President Barack Obama said business partnerships with the nation’s community colleges can help prepare workers for future manufacturing jobs, lowering the nation’s unemployment rate while spurring economic growth.
“Lighting a spark, that’s what community colleges can do,” Obama said today at Northern Virginia Community College in Alexandria, a Washington suburb. “We’ve got to light more sparks all across America.”
The president is promoting a $2 billion government program that tailors community college classes to local manufacturing job-skill needs that he said will train about 500,000 young workers over the next five years in 30 states.
The administration says job training can be one tool to reduce the unemployment rate, which rose to 9.1 percent in May, up 0.1 percent. Only 1.8 million of the more than 8.7 million jobs lost since January 2008 have been regained as the U.S. has recovered from the worst recession since the 1930s.
“The goal is to make sure your degree helps you to get a promotion, or a raise or a job, and that’s especially important right now,” Obama told students and officials at the college. “We’ve got to do everything we can, everything in our power, to strengthen and build the middle class.”
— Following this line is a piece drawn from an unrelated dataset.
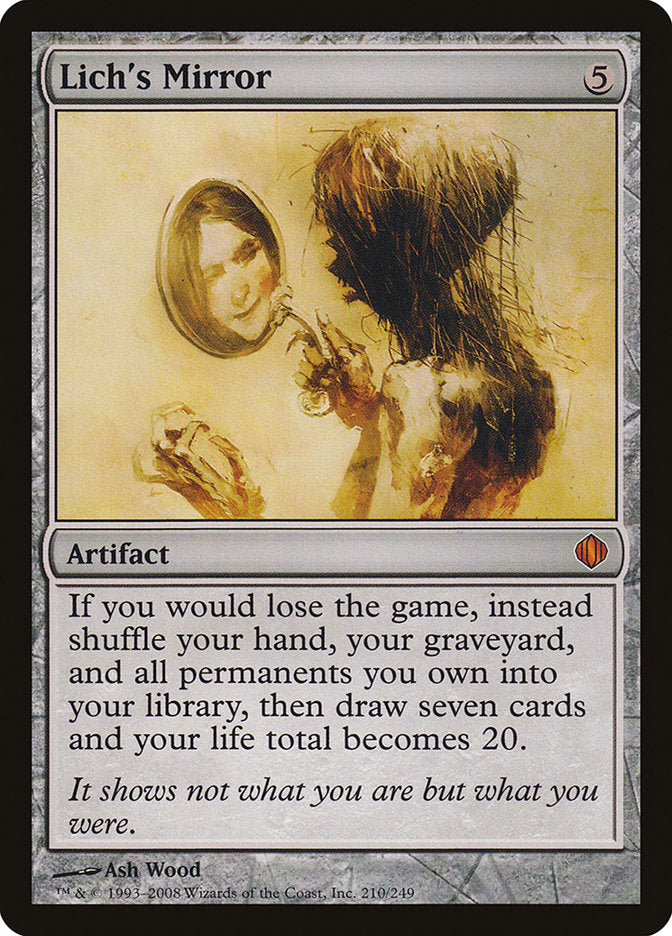 Lich's Mirror (210) [Shards of Alara] | Odin's Place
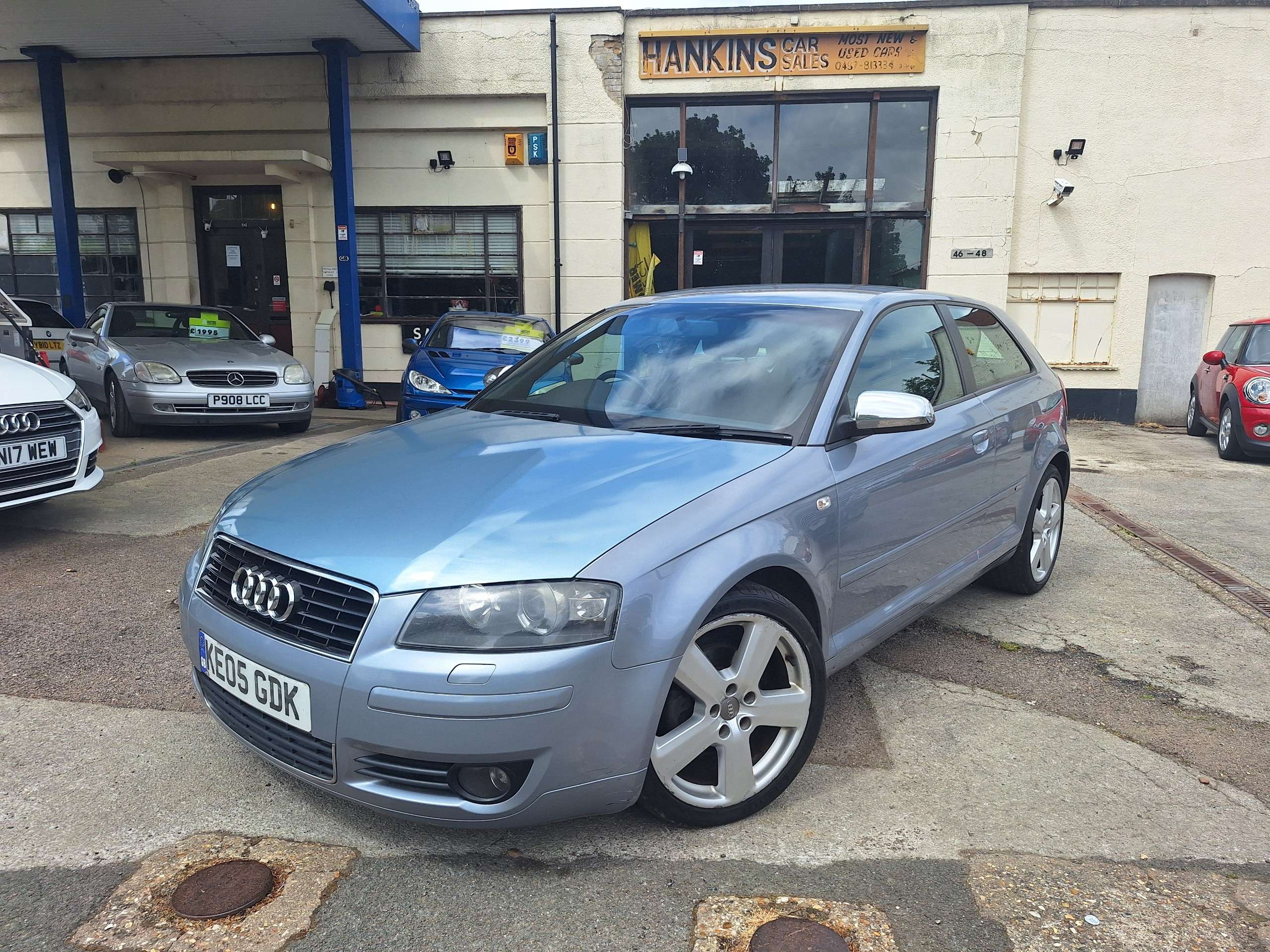 A 2005 AUDI A3 2.0 TD Sport Hatchback 3dr Diesel DSG (157 g/km, 140 bhp) A 2005 AUDI A3 2.0 TD Sport Hatchback 3dr Diesel DSG (157 g/km, 140 bhp)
Before his remarks, Obama toured a diagnostics repair center for hybrid vehicles, one of two such facilities for electric cars in the U.S.
Defending Budget Priorities
With Republicans in Congress demanding budget cuts, Obama defended government spending on education and clean energy, even with the nation’s deficit forecast to exceed $1 trillion this fiscal year and next.
“We could decide, in solving our fiscal problems, that we can’t afford to make any of these investments,” he said. “I don’t accept that future for the United States of America.”
Vice President Joe Biden is leading negotiations with congressional Republicans on a $1 trillion deficit-reduction package to be considered along with raising the nation’s $14.3 trillion debt ceiling by the beginning of August.
Administration officials said in a briefing yesterday that two new elements will add impact to the job training program originally announced Oct. 4, 2010, with the backing of the Aspen Institute and a unit of the National Association of Manufacturers.
The first is the addition of more companies, groups or foundations offering support by having executives join a board overseeing the program. They include Greg Brown, chairman and chief executive of Motorola Solutions Inc.; Bill Green, chairman of Accenture Inc., and Penny Pritzker, a supporter of Obama and chairman and chief executive of Pritzker Realty Group of Chicago.
Brad Keywell, co-founder and director of Groupon Inc., is joining the board along with Nick Pinchuk, chief executive of tool company Snap-on Inc. (SNA), and David Zaslav, chief executive of Discovery Communications.
Ellen Alberding, president of the Chicago-based Joyce Foundation, and Walter Bumphus, president and chief executive of the American Association of Community Colleges also are joining the board, the White House said in a statement.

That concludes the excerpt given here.